In 2013, Benedict XVI became only the second pope in the history of the Catholic Church to resign from office. In this brief but illuminating study, Giorgio Agamben argues that Benedict's gesture, far from being solely a matter of internal ecclesiastical politics, is exemplary in an age when the question of legitimacy has been virtually left aside in favor of a narrow focus on legality. This reflection on the recent history of the Church opens out into an analysis of one of the earliest documents of Christianity: the Second Epistle to the Thessalonians, which stages a dramatic confrontation between the "man of lawlessness" and the enigmatic katechon, the power that holds back the end of days. In Agamben's hands, this infamously obscure passage reveals the theological dynamics of history that continue to inform Western culture to this day.
The book features Agamben's essay on Benedict XVI's resignation as a gesture revealing eschatological tensions, followed by an appendix of patristic excerpts—primarily from Tyconius's Liber regularum (Book of Rules) and related commentaries on Revelation and 2 Thessalonians, including selections from his Exposition of the Apocalypse.

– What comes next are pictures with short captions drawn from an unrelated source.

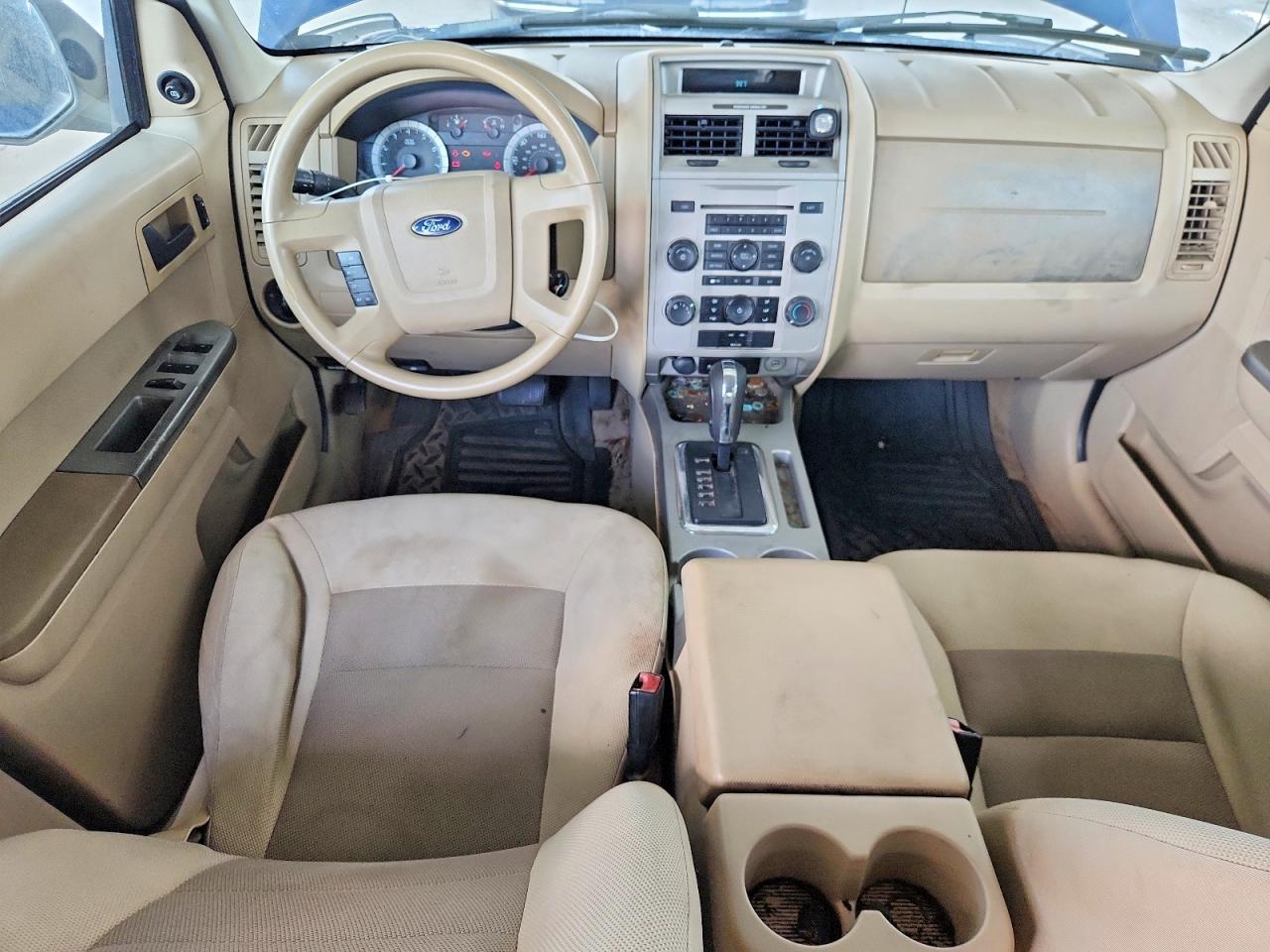 2008 Ford Escape Xlt Blue vin: 1FMCU031X8KD40015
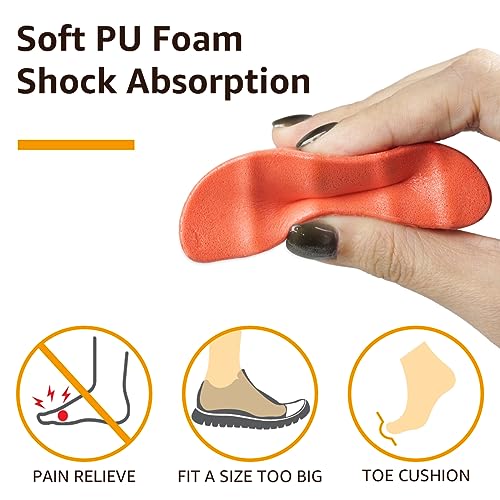 Dr. Shoesert Shoe Filler Inserts para Zapatos Holgados miniatura 5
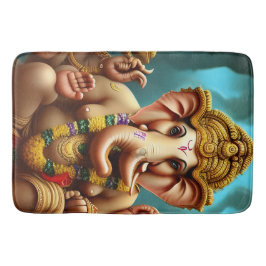 Ganeshが自撮り バスマット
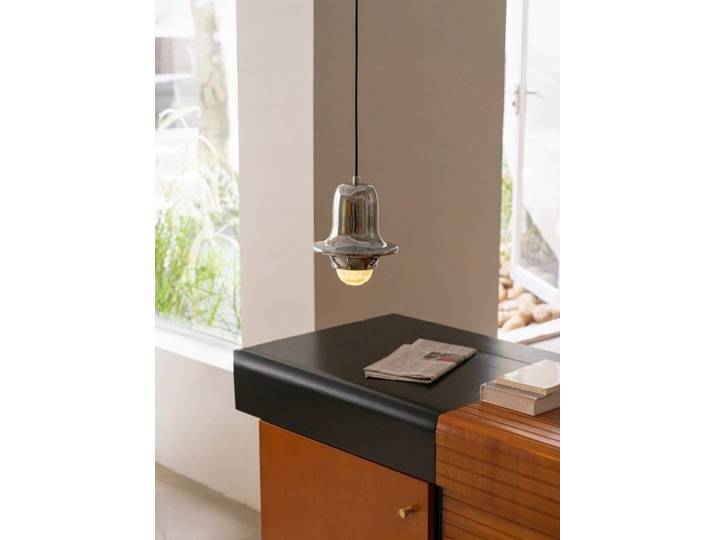 Lampe suspendue en métal de style Bauhaus contemporain, lampe de chevet de style industriel, lampe suspendue pour chambre à coucher, salon, bureau, décoration intérieure.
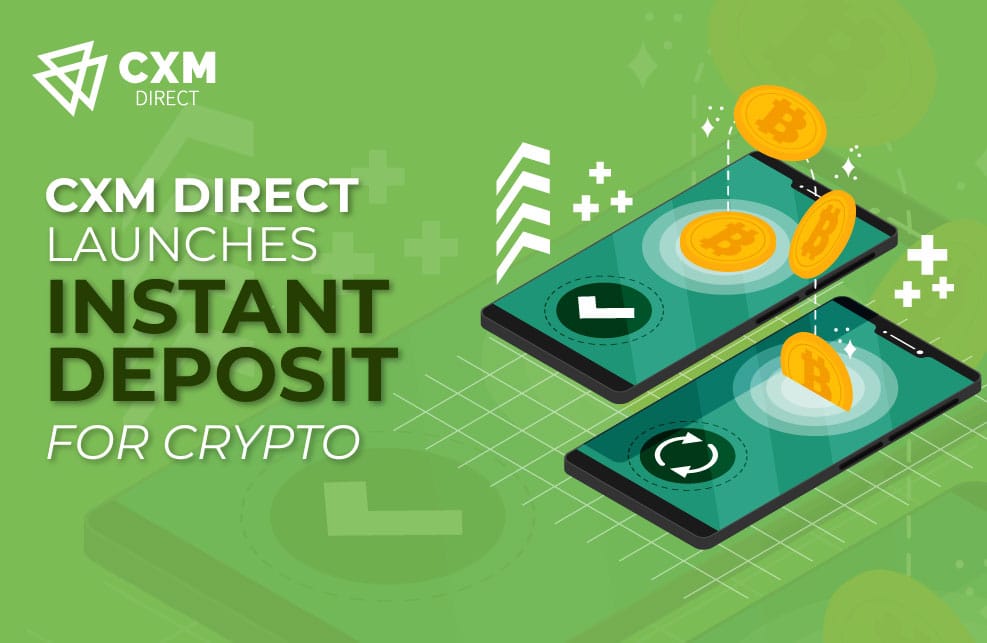 CXM Direct lanza depósitos instantáneos de criptomonedas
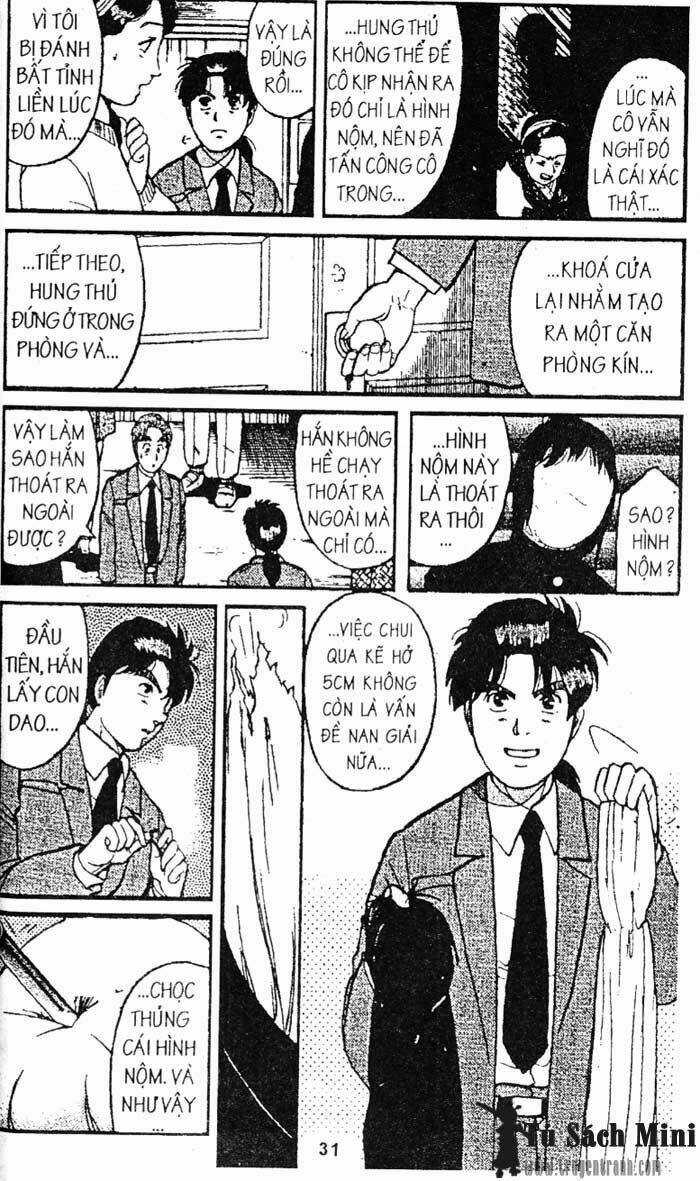 Thám Tử Kindaichi - Chapter 113 - Trang 32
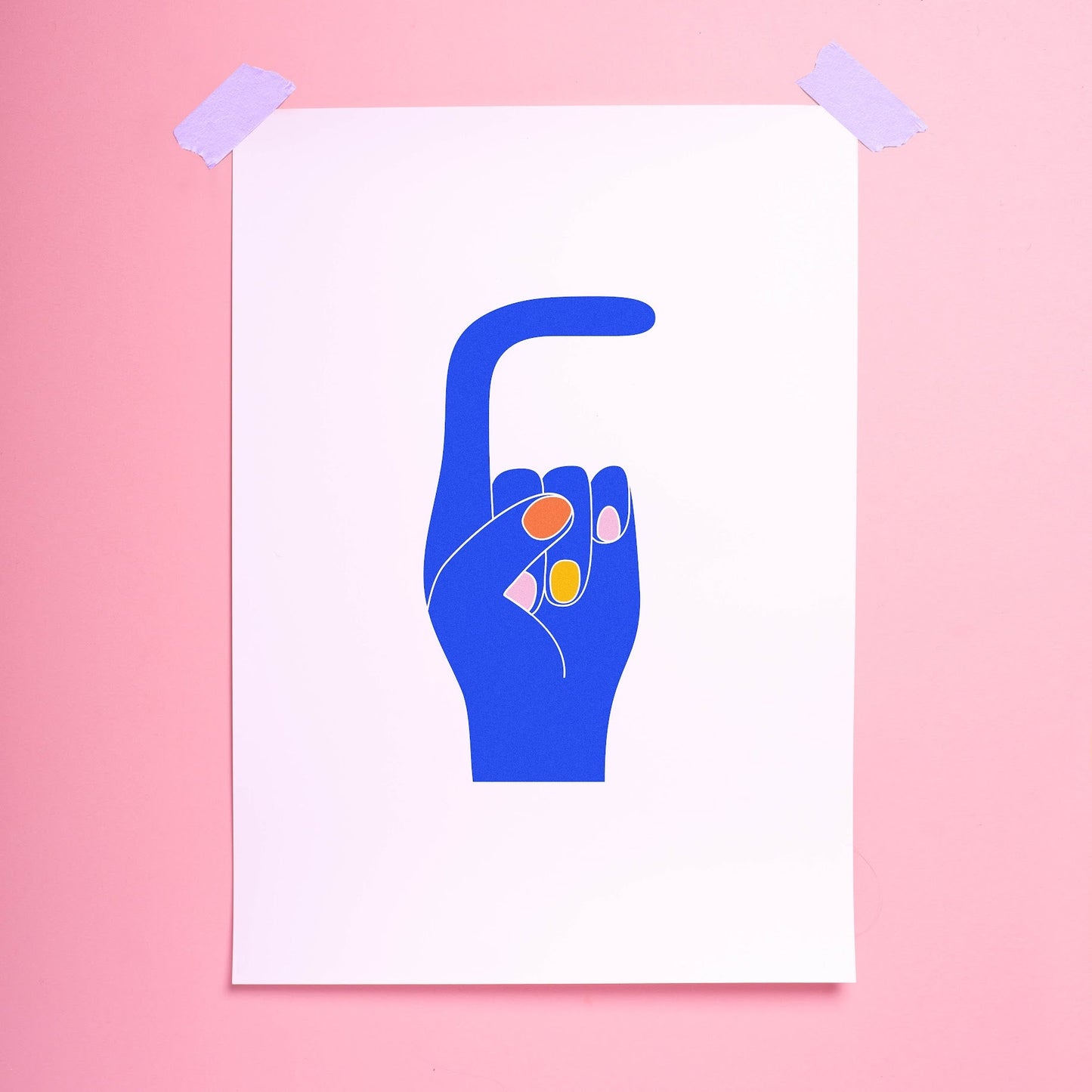 WENDI Giclee Print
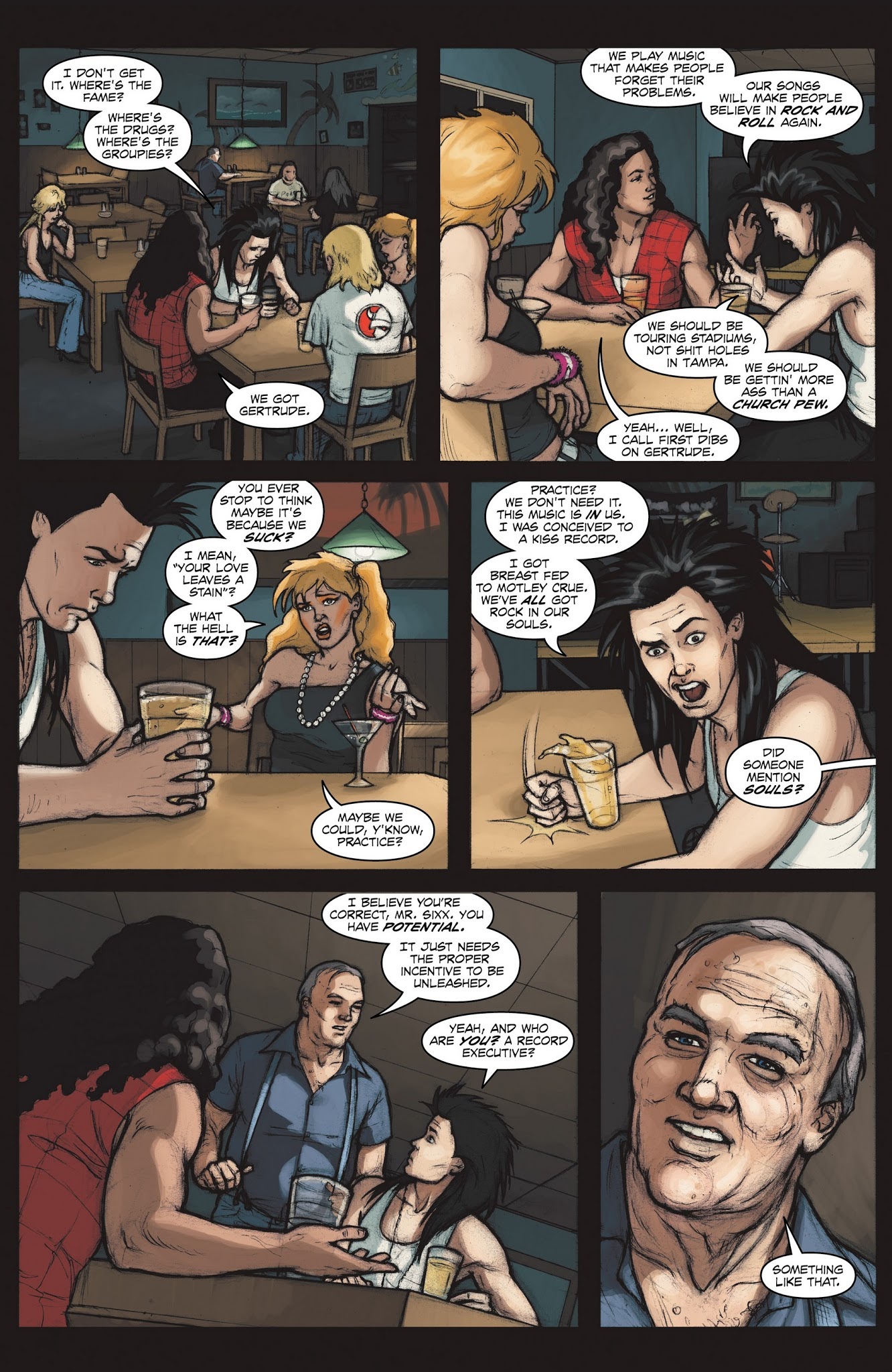 Read online Hack/Slash Omnibus comic -  Issue # TPB 2 (Part 1) - 30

"[With] The Mystery of Evil: Benedict XVI and the End of DaysGiorgo Agamben continually marks himself as the leading [a]theistic political theologians writing today as well as one of—if not the most—fascinating Continental dialogue partners with Christianity within the Continental tradition....The text itself is short (39 pages), yet, its controversially brilliant theme cannot be ignored by serious thinkers (Christian and non-Christian alike."—Philip Gonzales, Louvain Studies
Giorgio Agamben is Professor of Philosophy at the University of Venice. He is the author of Profanations (2007), Remnants of Auschwitz: The Witness and the Archive (2002), both published by Zone Books, and other books.